Fake news terão consequências
Para o advogado especializado em direito eleitoral Alberto Rollo, outra mensagem importante enviada durante o julgamento de Bolsonaro é de que a tolerância com as chamadas fake news ou com a desinformação será baixa.
“Um dos problemas no caso de Bolsonaro não é que ele tenha feito ataques ao sistema eleitoral, mas foi o fato de ele ter usado notícias sabidamente falsas para fazer isso. Não se trata de cercear o direito à liberdade de expressão, mas de punir a disseminação de notícias inverídicas sobre um determinado fato”, afirmou o advogado à BBC News Brasil.
Para o professor de ciência política da Fundação Getúlio Vargas (FGV) Marco Antônio Teixeira, a punição ao uso de desinformação como ferramenta política é um dos principais recados enviados pelo TSE durante o caso de Bolsonaro.
“Bolsonaro foi condenado por abuso de poder político, mas o menor dos problemas dele foi se encontrar com os diplomatas. Acho que o principal problema foi ele ter disseminado argumentos e informações que não paravam em pé. Já era hora de o sistema de justiça dar uma sinalização de que uso de informações falsas para fins políticos não será tolerado”, disse o professor à BBC News Brasil.
Juliana Bertholdi segue a mesma linha de Teixeira e Rollo.
“O voto do ministro Floriano de Azevedo fez uma boa comparação.
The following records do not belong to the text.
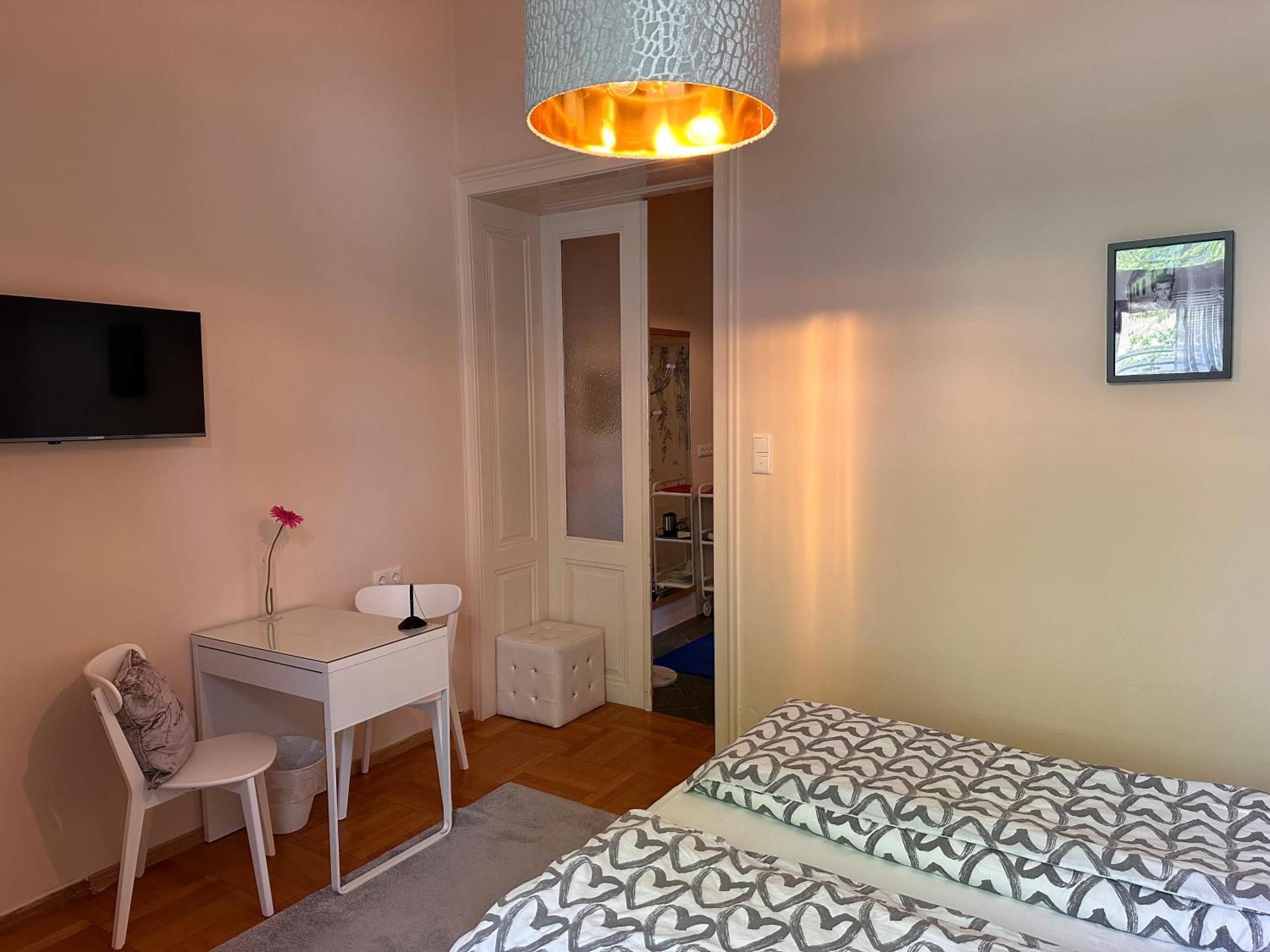 Kristall Doppelzimmer Direkt Im Zentrum, Balkon Bad Ischl Esterno foto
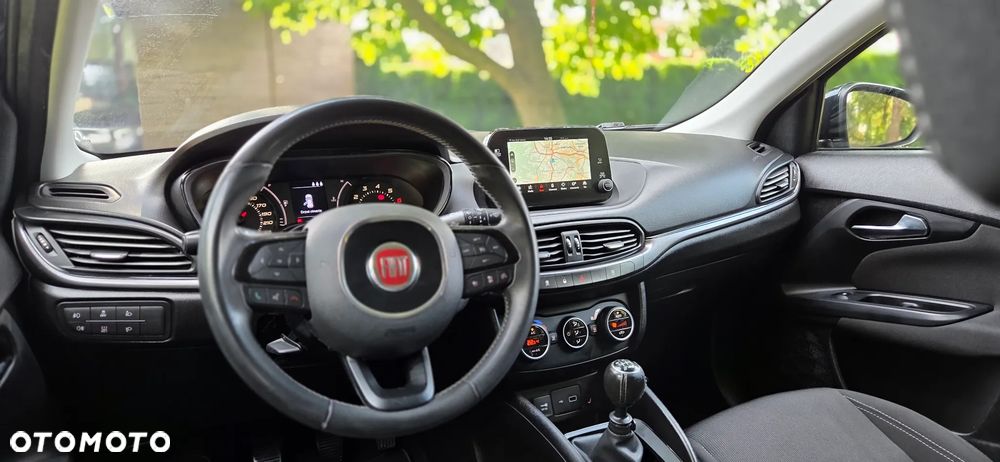 Fiat Tipo 1.4 T-Jet 16v S-Design - 24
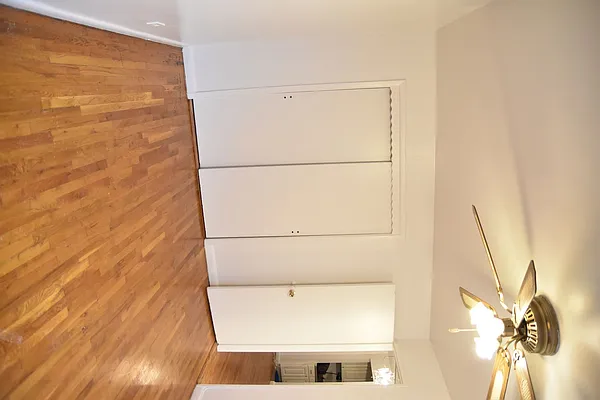 Rented by Giaps Realty Group LLC | media 18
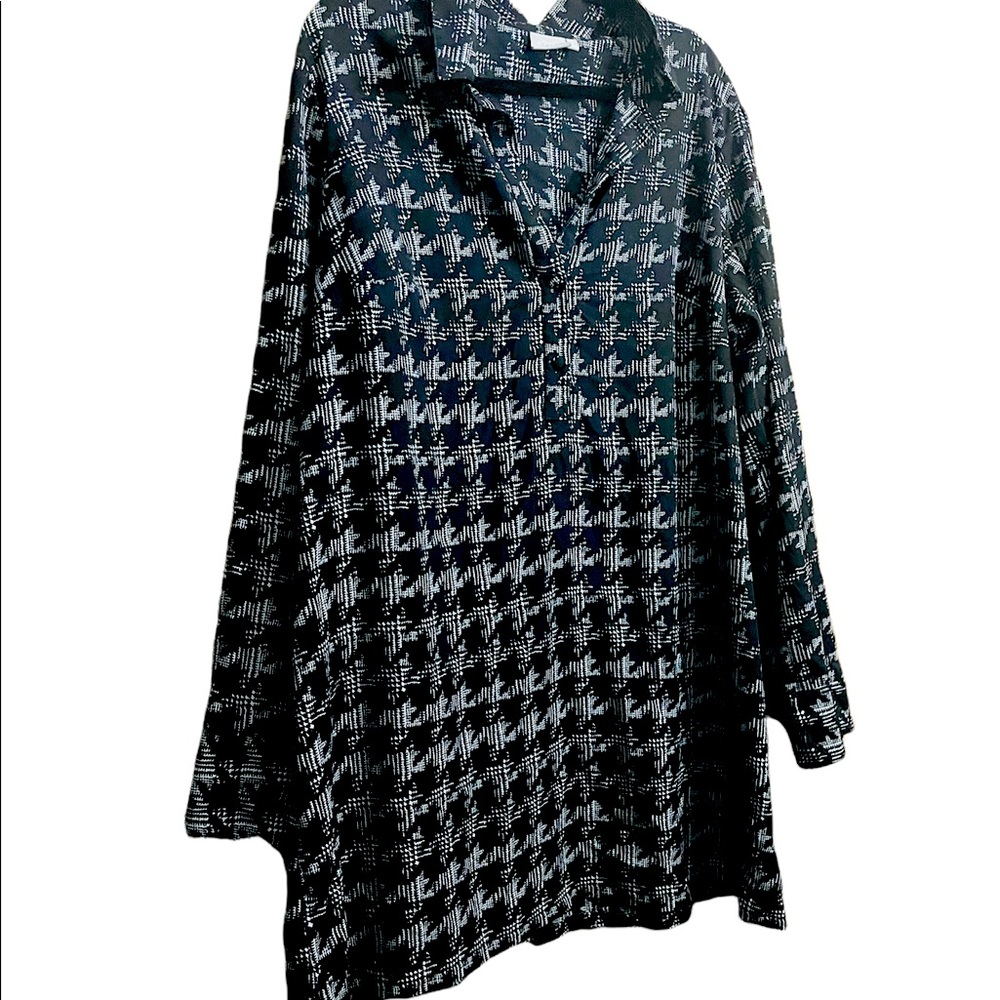 Black/white tunic top from Eshatki size 22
Ele disse que podemos ter um sujeito terraplanista que livremente se expressa em círculos pessoais, mas se ele for professor da rede pública e ensinar isso para alunos da rede, teremos um funcionário público cometendo uma irregularidade […] existe limite para a liberdade de expressão e ataques às instituições, utilizando informações falsas e meios de comunicação públicos, são intoleráveis”, disse a advogada.
Popularidade não deve blindar político
O terceiro recado enviado pelo julgamento de Bolsonaro, segundo os especialistas ouvidos pela BBC News Brasil, é o de que a popularidade de um determinado político não deve blindá-lo de punições na esfera eleitoral.
Apesar de ser uma corte especializada em julgar casos eleitorais, o TSE é frequentemente questionado por críticos quando pune candidatos com grandes votações.
Isso ocorreu, por exemplo, quando o agora ex-deputado federal Deltan Dallagnol (Avante-PR) foi cassado em maio por descumprimento da Lei da Ficha Limpa.
Alguns de seus apoiadores questionaram a decisão argumentando o fato de ele ter sido o deputado federal mais votado do Paraná em 2022, com 345 mil votos.
O caso de Bolsonaro, por sua vez, envolveu uma quantidade expressivamente maior de votos. O ex-presidente obteve 58,2 milhões de votos no segundo turno, o equivalente a 49,1% dos votos do país.
“Esse julgamento mostrou que não importa se você tem um caminhão de votos. Uma votação expressiva de Bolsonaro não deve servir como licença para o cometimento de arbitrariedades”, afirmou Marco Antônio Teixeira.
Denilde Holzhacker concorda, em parte, com Marco Antônio Teixeira.
“Há uma mensagem, sim, de que a popularidade não vai blindar o candidato e de que a justiça deverá ser aplicada nos casos em que ela for acionada e quado houver evidências. E nesse caso, em específico, havia muitas evidências e muito material disponível”, afirmou.
A professora, no entanto, pondera que a condenação de Bolsonaro acontece em um momento em que ele vem, aparentemente, perdendo tração junto à opinião pública e que isso pode, em alguma medida, ter facilitado a tarefa de punir um candidato que teve mais de 58 milhões de votos.
“A gente não viu nenhuma manifestação significativa nas ruas contra a condenação dele até agora. Desde o dia 8 de janeiro, a gente percebe que a popularidade de Bolsonaro parece vir caindo. Talvez o resultado desse julgamento fosse diferente se ele tivesse ganhado as eleições”, avalia.